A biblioteca de D. João V que se perdeu no terramoto de 1755

O iluminismo europeu e cosmopolita, da primeira metade do século XVIII, ao surgir articulado com uma cultura cortesã, contrasta com a ideia de um iluminismo emancipador e promotor de igualdades e liberdades, que levou à Revolução Francesa e à formação de regimes liberais

Gravura representando a Lusitânia, com o escudo da coroa de Portugal, tendo a seus pés, agrilhoados, um chinês e um africano. Giovanni Battista Sintes, sobre desenho de Pietro Zerman, “Relation du voyage de Monseigneur André de Mello de Castro a la Cour de Rome” (Paris, 1709). Exemplar da Biblioteca da Casa Cadaval – Condessa D. Teresa Schönborn

A devoção à monarquia parece, hoje, decorrer em paralelo à adoração pelas grandes bibliotecas. É que, no meio de sociedades democráticas, dotadas de uma cultura massificada e digital, a corte e os locais de culto do saber livresco surgem como marcas contrastadas de um arcaísmo — uma espécie de símbolo de uma distinção erudita, rodeada de segredos e mistérios, detentores de uma força carismática, projetada num imaginado tempo dos reis. Só assim se compreende que, em Coimbra, a Biblioteca Joanina se tivesse transformado num dos locais de maior atração turística. E que, à mesma luz, se possam explicar tanto o fascínio suscitado pelas bibliotecas imaginadas de Jorge Luis Borges, agora evocado pelos seus sucessores.
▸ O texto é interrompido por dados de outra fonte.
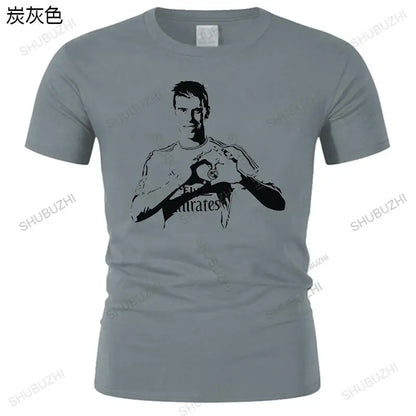 Graphic Upf Short Sleeve Top (Little Kid)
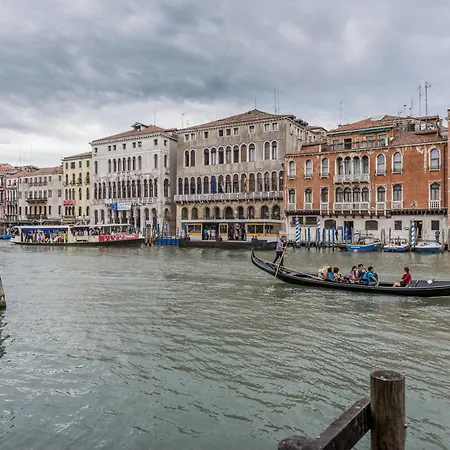 Andree Apartment Venice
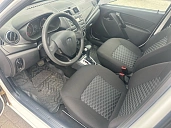 Lada (ВАЗ) Granta, 2019г., передний привод, автомат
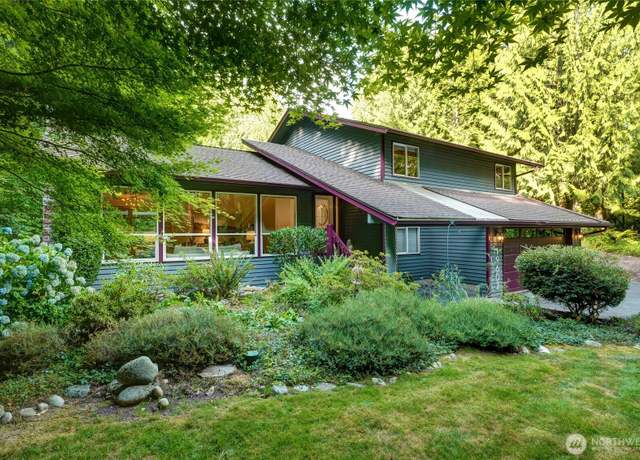 Property at 19602 NE 185th St, Woodinville, WA 98077, 3 beds, 2.5 baths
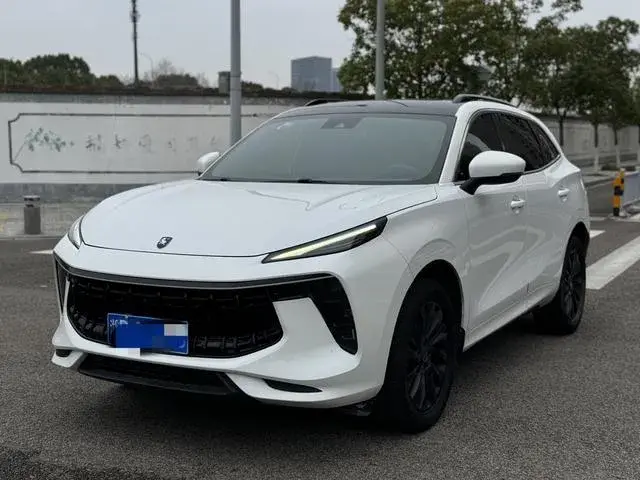 DONGFENG FENGXING EVO FENGXING T5 EVO 2022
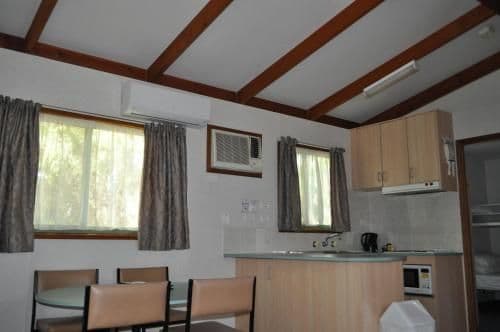 Two-Bedroom Cabin - Park Cabin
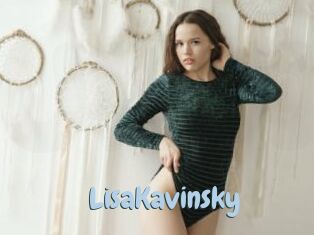 LisaKavinsky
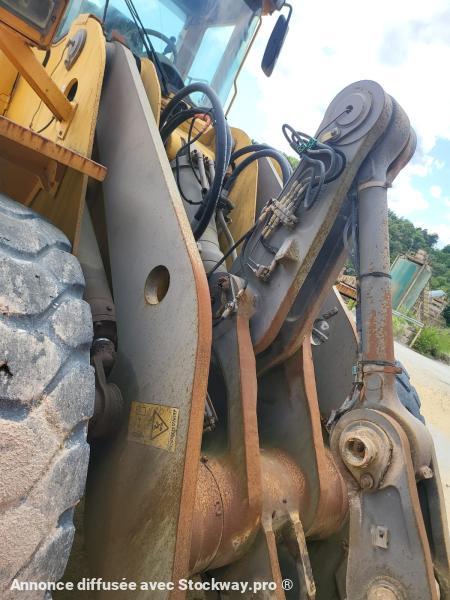 Photo Volvo L 150 E  image 22/32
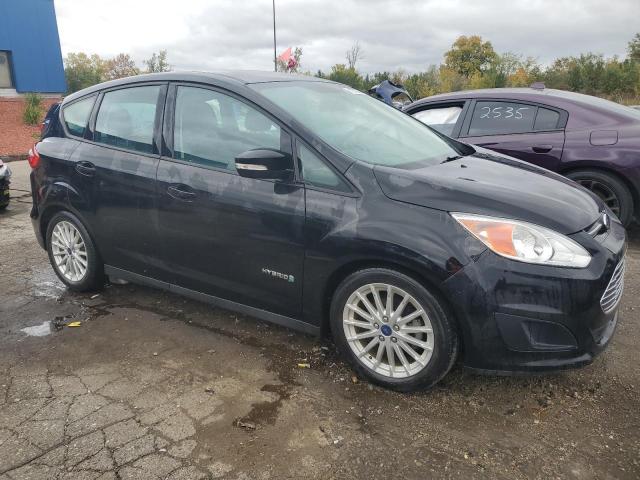 1FADP5AU9GL119613 Ford C-MAX SE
O novo livro sobre a biblioteca do rei D. João V, escrito por Angela Delaforce, representante de uma antiga família inglesa de vinhateiros do Douro, está ancorado no mesmo ethos da distinção. “The Lost Library of the King of Portugal” é o resultado de uma investigação cuidada, conduzida de forma inteligente e erudita, que aprofunda um trabalho anterior sobre o mecenato artístico, no Portugal de Setecentos (“Art and Patronage in Eighteenth-Century Portugal”, Cambridge U. P., 2002). A historiografia portuguesa necessita dos estímulos criados à distância, com vastos recursos, por investigações deste género. A principal riqueza do livro em causa está na determinação da sua autora em procurar encontrar um sentido de conjunto para a política cultural do longo reinado de D. João V (1706-1750).